How consumers will spend the stimulus package
The latest report from The Australian Centre for Retail Studies provides outlook for spending of next stimulus package
- Paying off debt
- Some spending
The latest report from the Australian Centre for Retail Studies (ACRS) provides valuable insights into future spending intentions of Australians, particularly surrounding the upcoming stimulus package.
“Customers are adjusting their lifestyles and shopping habits to accommodate the financial downturn, and there are expectations of a large increase in the number of people that will be unemployed in the coming 12 months,” says Sean Sands, research fellow at the ACRS.
“Where possible, consumers are saving whatever money they can or reducing debt. This has implications for the likely behaviour when people receive the next stimulus package payment.
“Consumer reactions towards the stimulus package were generally positive and a quarter of those interviewed intended to spend more as a result of the package.”
Key findings of the Australian Consumer Climate Study, which covered 1010 consumers in all states across metro and regional areas, include:
The financial downturn is having a clear impact on most Australians however some optimism remains
- Almost 80% of those sampled report having changed their shopping habits as a result of financial pressures
- Consumers appear to be cutting out more expensive items (70%) and reducing their spend overall (65%)
- There is a reported move toward private label brands (57%) among consumers
- However, 69% of respondents expect the financial position of their household to get better or remain the same over the next 12 months
Consumers are looking to repay debt and save money from the stimulus package, though a portion of the package will be spent on retail trade
- About a quarter of the sample (27.4%) reported an intention to spend more as a result of the stimulus package
- Many respondents plan to put the stimulus package towards paying off debt (49%) and savings (31%)

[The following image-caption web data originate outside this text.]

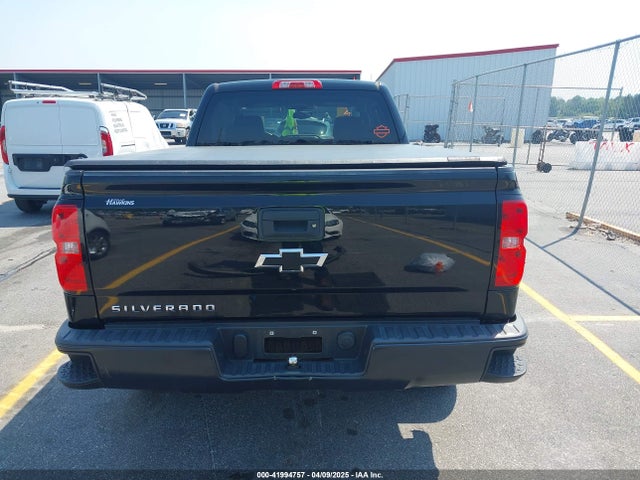 1GCRCNEH0HZ293934 Chevrolet Silverado 1500 Wt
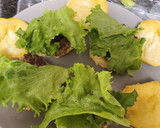 Foto del paso 7 de la receta: Mini hamburguesas 🍔🍔🍔😋😋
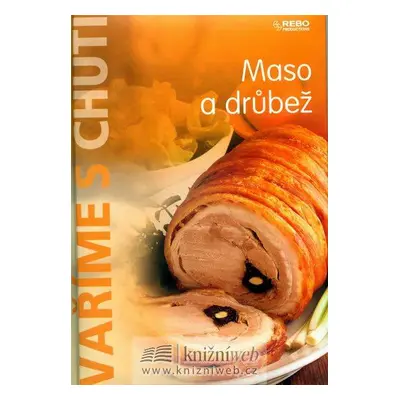 Vaříme s chutí - Maso a drůbež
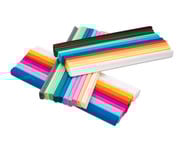 Krepppapier Rollen 10 Stück 2
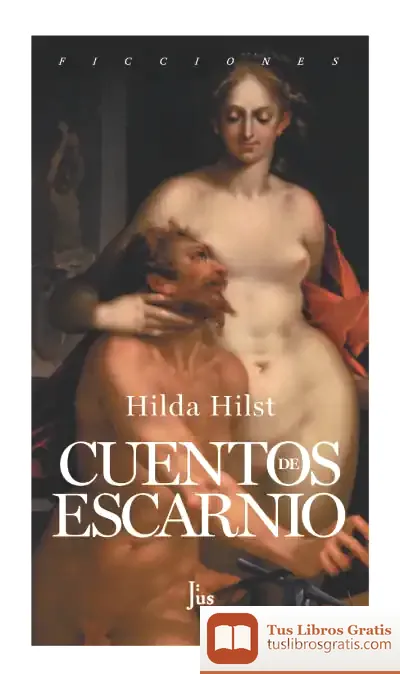 Descargar Cuentos De Escarnio de Hilda Hilst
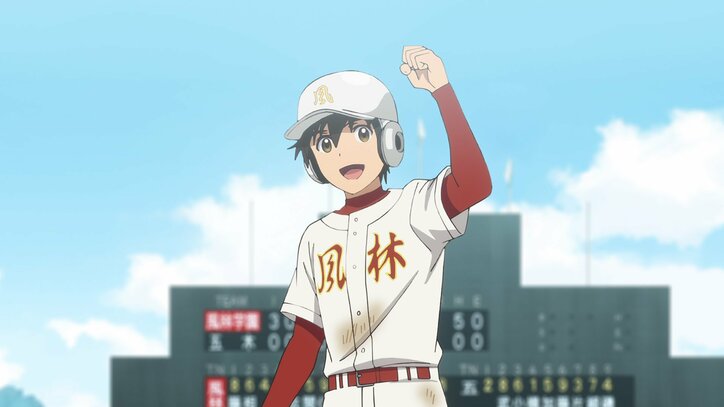 野球アニメの金字塔『メジャーセカンド』第2シリーズ、ABEMA初の無料一挙放送が決定！第1シリーズも全話一挙放送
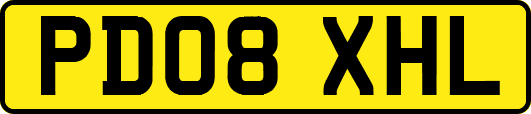 PD08XHL
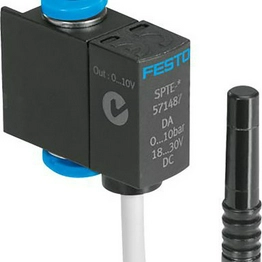 SPTE-V1R-Q3-V-2.5K FESTO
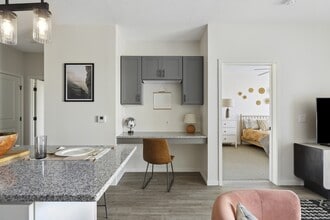 Terra Residences in Maple Grove, MN - Building Photo - Building Photo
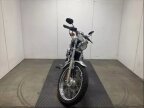 Thumbnail Photo 1 for 2003 Harley-Davidson Sportster 1200 Custom Anniversary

- On average, respondents would spend $783 paying off debt
- Findings indicate that 56% of the stimulus package will be reinvested in the economy, with a possible 46% in retail
- In terms of retail trade, shopping for household items was highest followed by shopping for personal items
“While consumers are apprehensive about spending, this does not mean that they do not want to spend,” says Dr Sands.
“Consumers require a ‘reason’ to spend, they need to see value in an offer and have a reason to part with their money. The days of profit through mere volume of sales are likely gone – retailers need to understand the consumer and what motivates them in order to get them into the store.”
These results are from the fourth instalment of the ACRS Consumer Confidence Study to understand the mood among consumers.